(In Public)
Royal Courts of Justice
Strand, London, WC2A 2LL
Before :
MR JUSTICE MUNBY
In re X and Y (Bundles)
Judgment
Mr Justice Munby :
It is over eight years since 10 March 2000, when the then President, Dame Elizabeth Butler-Sloss P, issued Practice Direction (Family Proceedings: Court Bundles) [2000] 1 FLR 536. It is over two years since 27 July 2006, when her successor, Sir Mark Potter P, issued Practice Direction: Court Bundles (Universal Practice to be Applied in All Courts other than the Family Proceedings Court) [2006] 2 FLR 199. My experience, which is shared by too many of my brethren, is that far too often the Practice Direction is still being honoured more in the breach than the observance. Too often bundles arrive late or not at all. Too often bundles are incomplete or not up-to-date.

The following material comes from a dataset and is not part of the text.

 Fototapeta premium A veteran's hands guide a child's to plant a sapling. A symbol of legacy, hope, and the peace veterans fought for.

Too often skeleton arguments and other preliminary documents (see paragraph 4.2 of the Practice Direction) are handed in on the morning of the hearing – at 10 am, 10.15, or even later – and at a time when the judge is already sitting or is struggling to assimilate other documents which have also been handed in late. The problem, in my experience, is particularly acute when the judge is sitting as urgent applications judge and, in those circumstances, particularly serious in its consequences. For those who cannot understand why, I would direct attention to the appropriately pungent observations of Wall J (as he then was) in Re CH (family proceedings: court bundles) [2000] 2 FCR 193 at page 195i. Late, I suppose, is better than never, but it is never acceptable.

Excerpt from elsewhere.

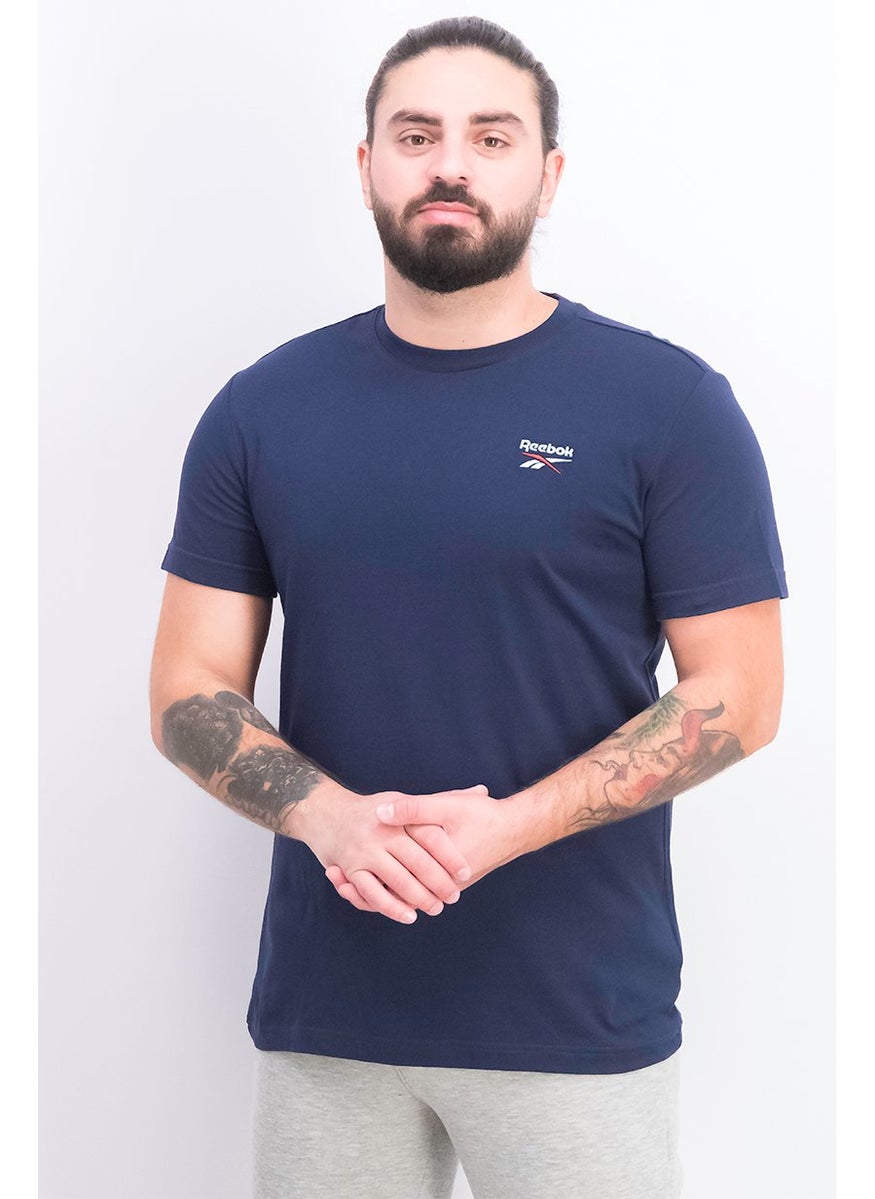 Reebok Men Crew Neck Embroidered Logo Short Sleeve T-shirt, Navy  - Image 1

This continuing failure by the professions to comply with their obligations is simply unacceptable. Enough is enough. Eight years of default are enough. Eight years are surely long enough for even the most casual practitioner to have learned to do better.
The revision and elaboration of the Practice Direction in 2006, undertaken in the light of six years’ experience of the workings of the original Practice Direction, was intended to clarify what was required by the Practice Direction, to remove anything which even the most ingenious pedant could possibly claim was obscure or ambiguous, and to ‘stop up’ every possible loophole. As one of the draftsmen of the revised Practice Direction I am willing to admit that my approach was to make the document watertight. I frankly confess to having obviously failed in that endeavour.

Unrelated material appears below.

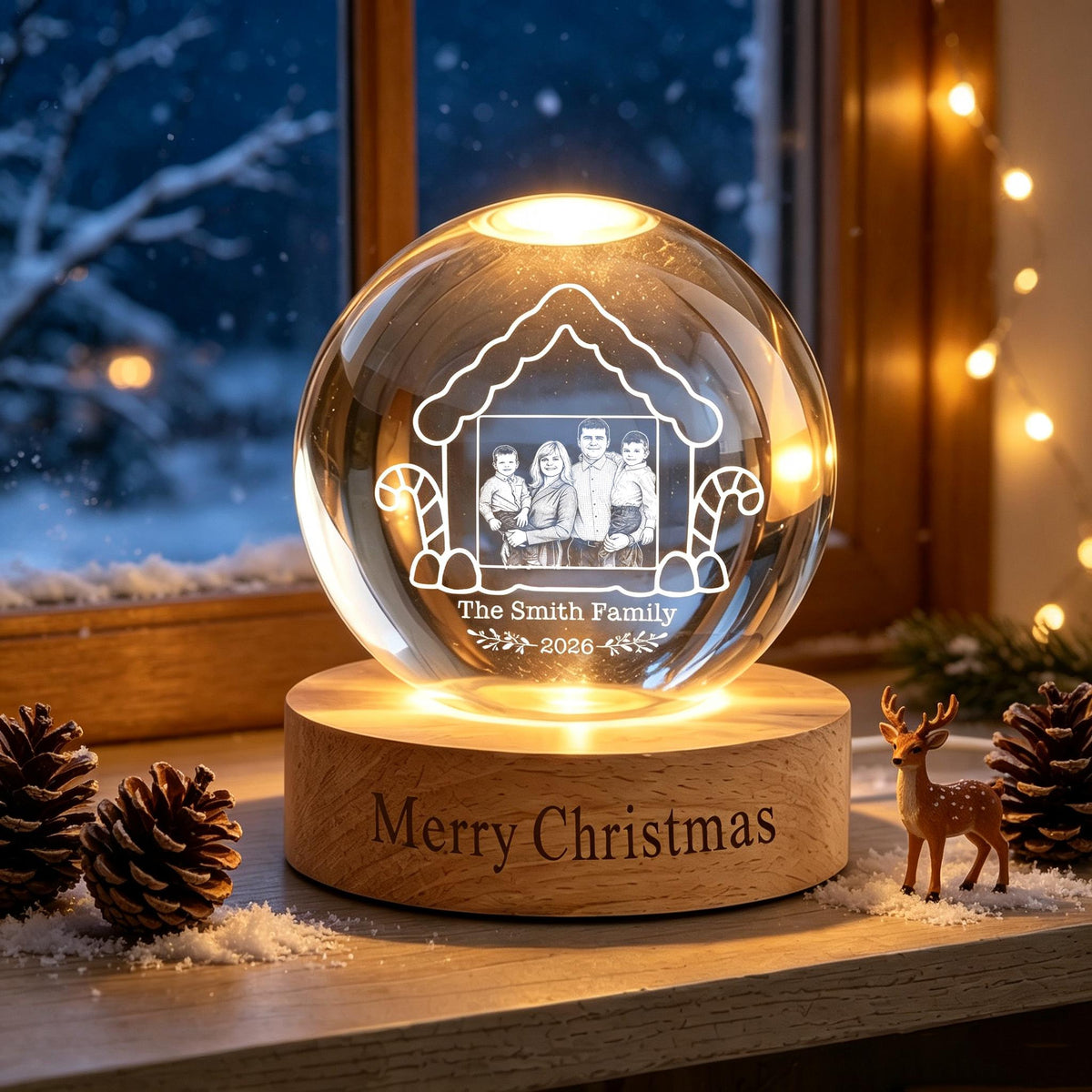 Personalized Photo Crystal Ball Night Light,Christmas Family LED Night Light,Christmas Gifts,Christmas Memorial Night Light,Holiday Decor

I wish to emphasise that the purpose of the Practice Direction is not to make the lives of the judges easier. On the contrary, it is simply a reflection of the increasing burdens being imposed upon judges at all levels in the family justice system who, faced with ever-increasing and almost intolerably overloaded lists, are required – and, I emphasise, willingly agree – to undertake a workload, much of it in their own time, which even their comparatively recent judicial ancestors would have found astonishing.
In the more spacious days of my legal youth, judges rarely pre-read very much. Often, much of the first day of any High Court case of even moderate length was taken up by an opening during which counsel took the judge, vive voce, through the bundle, reading out everything which either he or his opponent thought might conceivably be relevant. All that has long since been swept away. Skeleton arguments became the norm and then in due course extensive judicial pre-reading of bundles. More recently the Practice Direction has laid down – and for very good reason I should say – deliberately very prescriptive requirements as to the contents and format of the bundle and (set out in paragraph 4.2) as to the form and content of the ‘preliminary documents’ which are to be included in every bundle. The purpose of all this is to ensure that the judge can embark upon the necessary pre-reading in a structured and focussed way, making the best and most efficient use of limited time, so that when the case is actually called on in court everyone can proceed immediately to the heart of the matter, without the need for any substantial opening and with everyone focussing upon the previously identified issues. The objective is to shorten the length of hearings and thereby to increase the ‘throughput’ of the family courts – with the ultimate objective of bringing down waiting times and reducing delay.
But these wholly desirable objects – wholly desirable in the public interest and in the interests of litigants generally – are imperilled whenever there is significant non-compliance with the Practice Direction. Cases are delayed because the judge has to take up time – time that would otherwise have been spent productively in court – reading materials that would otherwise have been pre-read. The hearings themselves tend to take longer. So cases overrun. Sometimes the only solution is to adjourn the case and re-list it, sometimes to the prejudice of other cases. Given the extent to which judges are nowadays listed back to back with cases reserved or allocated to them, the knock-on effects can be serious – not just for the litigants whose defaults have caused the problems but for other entirely innocent litigants who, having themselves complied with the Practice Direction, then suffer delay and prejudice as a result of the defaults of others.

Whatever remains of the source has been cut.